(Supplied data begins)
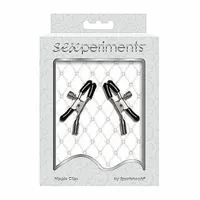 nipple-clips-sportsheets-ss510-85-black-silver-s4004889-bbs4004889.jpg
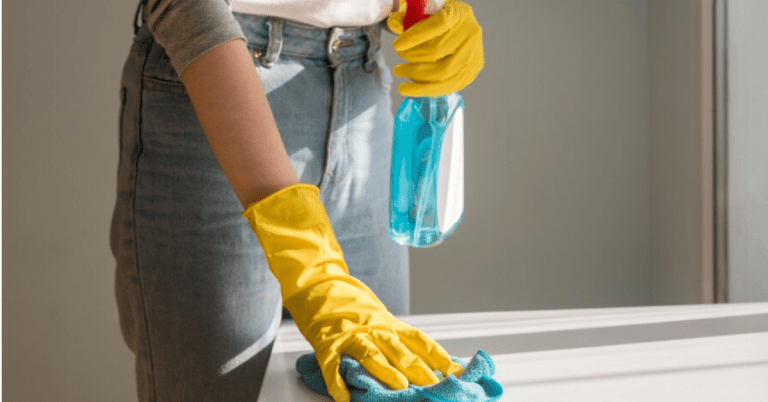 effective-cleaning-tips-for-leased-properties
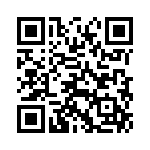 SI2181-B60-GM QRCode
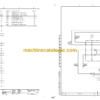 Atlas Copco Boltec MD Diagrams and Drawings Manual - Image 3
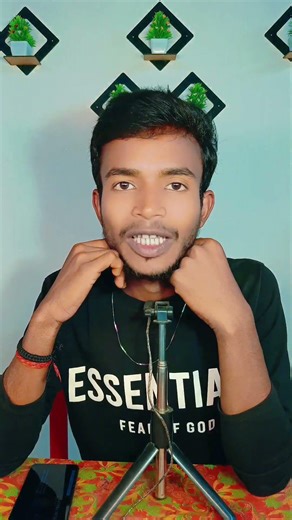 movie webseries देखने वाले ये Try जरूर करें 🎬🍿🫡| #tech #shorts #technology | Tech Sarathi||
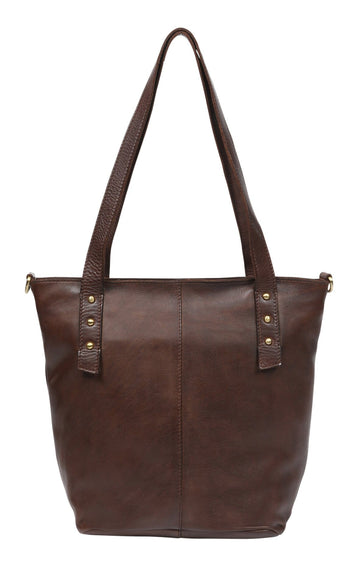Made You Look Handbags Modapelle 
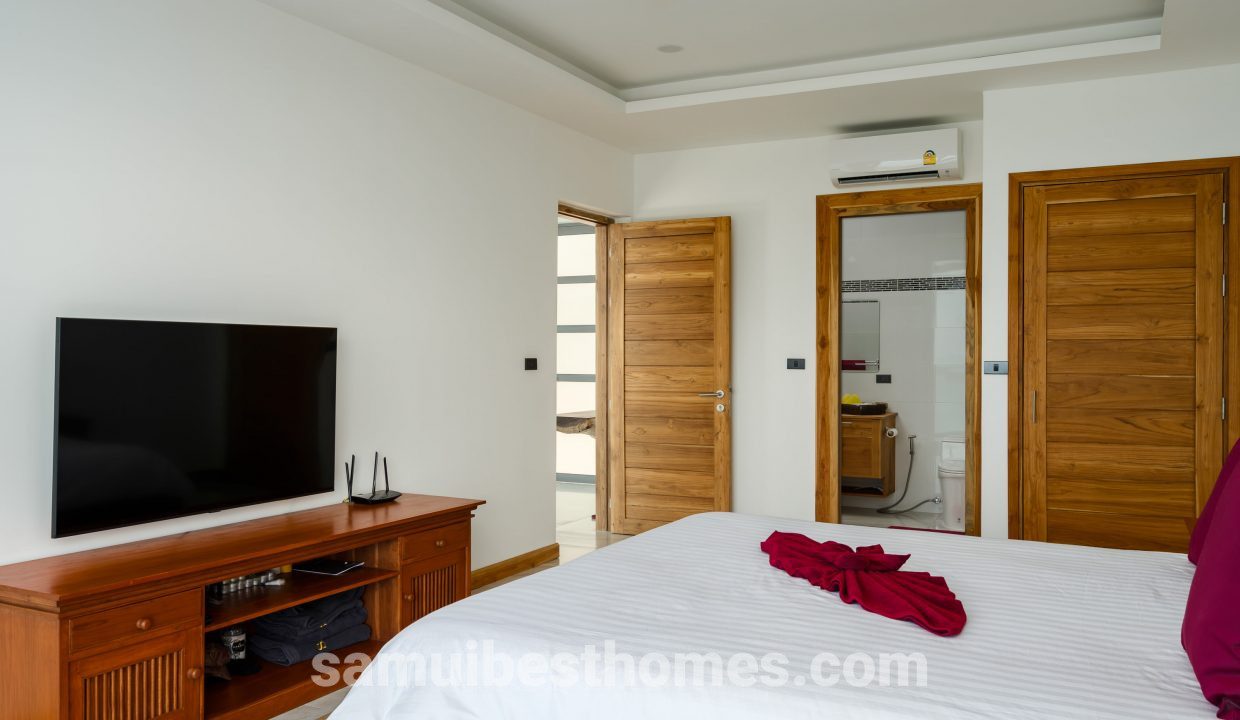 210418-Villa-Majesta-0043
(Supplied data ends)
(Supplied data begins)
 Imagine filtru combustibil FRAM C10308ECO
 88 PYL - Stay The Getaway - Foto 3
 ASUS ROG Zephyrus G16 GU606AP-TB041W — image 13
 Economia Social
(Supplied data ends)
# Aim of the task:
Only the lines above from the one with "effective-cleaning-tips-for-leased-properties" to the one with "210418-Villa-Majesta-0043" should be printed, both included and exactly as written; no picture belongs in the copy.

# Exercise output:
 effective-cleaning-tips-for-leased-properties
 SI2181-B60-GM QRCode
 Atlas Copco Boltec MD Diagrams and Drawings Manual - Image 3
 movie webseries देखने वाले ये Try जरूर करें 🎬🍿🫡| #tech #shorts #technology | Tech Sarathi||
Made You Look Handbags Modapelle 
 210418-Villa-Majesta-0043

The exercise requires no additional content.